#17CulturaSociedade

Desenhando o divino

por Sofia Borges

Capela de Bruder Klaus, por Peter Zumthor

Eu posso não ser uma pessoa religiosa, mas tenho fé. Eu posso não visitar a igreja de minha seita, mas visito capelas, locais sagrados e locais de culto nas cidades nas quais moro e nos países que visito. Dentro desses estabelecimentos acendo velas por aqueles que perdi, e me maravilho com as qualidades extraordinárias dos tetos abobadados, além dos ornamentos e vitrais. A noção de fé engloba tudo, desde a crença em um deus específico e uma ordem religiosa até valores fundamentais de compreensão do nosso lugar no mundo. Independentemente das inclinações religiosas, ou da falta delas, a noção de fé e de como representá-la na arquitetura permanece um desafio universal passado de mão em mão há milhões de anos. Esses espaços, desenhados para evocar a sensação de algo superior, agem como santuários críticos para que consigamos nos agarrar à nossa fé quando testada. Eventos fora de nosso controle, que fazem com que caiamos de joelhos de tanta dor e incredulidade, são os mesmos que nos humanizam. Os locais que procuramos para conseguir refúgio e consolo recebem uma importância ainda maior nesses momentos de turbulência. Oscilando entre o celestial e o artificial, a arquitetura da fé transcende as convenções enquanto explora os limites entre o tempo de uma vida finita e a eternidade.
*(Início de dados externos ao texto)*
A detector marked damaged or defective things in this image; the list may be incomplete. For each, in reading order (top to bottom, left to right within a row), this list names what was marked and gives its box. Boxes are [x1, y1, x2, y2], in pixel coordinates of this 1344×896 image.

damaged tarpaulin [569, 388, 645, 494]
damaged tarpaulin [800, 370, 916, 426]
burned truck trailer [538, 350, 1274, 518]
Tradicionalmente, o processo de construção de um local sagrado era entendido como algo que demorava mais a ser completado do que a própria vida do arquiteto eleito. Do Vaticano à Sagrada Família de Gaudí, alguns dos locais de culto mais icônicos trocaram de mãos diversas vezes ao longo de décadas, até de séculos. A árdua tarefa de se projetar algo que provavelmente não se verá terminado captura o espírito da arquitetura baseada em fé. Os construtores da Catedral de Sevilha (século XVI), a terceira maior do mundo, famosamente aspiravam ser lembrados como homens loucos. Quem mais trabalharia com tanto afinco para criar uma estrutura tão luxuosa e sem precedentes, cuja data de inauguração estava marcada para bem depois de suas mortes? Transitando o limite tênue entre brilhantismo e insanidade, os arquitetos dessas maravilhas sagradas desafiavam a imortalidade ao canalizar a convicção transcendental que os seus espaços, uma vez completos, continuam a inspirar.
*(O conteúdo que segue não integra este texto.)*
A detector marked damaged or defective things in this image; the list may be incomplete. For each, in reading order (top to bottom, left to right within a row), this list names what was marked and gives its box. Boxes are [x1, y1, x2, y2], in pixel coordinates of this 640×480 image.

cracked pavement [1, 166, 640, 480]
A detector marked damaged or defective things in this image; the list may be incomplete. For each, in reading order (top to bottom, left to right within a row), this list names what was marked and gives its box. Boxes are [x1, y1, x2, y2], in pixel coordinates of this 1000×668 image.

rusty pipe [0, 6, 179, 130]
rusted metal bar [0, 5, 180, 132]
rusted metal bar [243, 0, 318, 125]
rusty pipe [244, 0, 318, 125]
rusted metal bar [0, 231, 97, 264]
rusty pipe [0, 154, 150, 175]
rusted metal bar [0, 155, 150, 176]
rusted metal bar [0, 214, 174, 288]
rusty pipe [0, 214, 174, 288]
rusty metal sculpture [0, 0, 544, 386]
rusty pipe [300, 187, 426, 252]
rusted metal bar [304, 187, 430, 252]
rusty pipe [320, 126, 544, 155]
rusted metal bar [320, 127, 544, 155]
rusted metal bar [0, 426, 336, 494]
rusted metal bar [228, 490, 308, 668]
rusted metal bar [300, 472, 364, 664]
A ascensão do modernismo silenciou a exuberância de detalhes e qualidades dos períodos da Renascença, Barroco e Gótico, sem sacrificar o impacto emocional. Essas expressões mais recatadas de divindade são espaços para adoração, admiração e reflexão que se focam menos na representação e nos ornamentos, e mais nos aspectos fenomenológicos encontrados na luz, na materialidade, na escala e na procissão. Temos exemplos de meados do século, desde a Notre Dame du Haut, de Le Corbusier, à Chapelle du Rosaire, de Matisse, que oferecem redutos iluminados, embora formalmente abstratos, para o culto pessoal e coletivo. A capela intimista e humilde de Matisse é um pano de fundo discreto para que suas reinterpretações abstratas e alegres de vitrais iconográficos fiquem em destaque. Além de reduzir a quantidade de ornamentos, muitos dos recentes locais de culto também usam escalas diferentes das de antigamente. A capela celestial Bruder Klaus Field, de Pater Zumthor, dialoga com o potencial que até os menores espaços têm de exaltar e reviver nossa apreciação pelo dia a dia. O micro-santuário, desenhado e construído por fazendeiros rurais, exibe um interior de textura carbonizada banhado em luz – o fantasma da impressão deixada pela estrutura de madeira que foi queimada ao chão.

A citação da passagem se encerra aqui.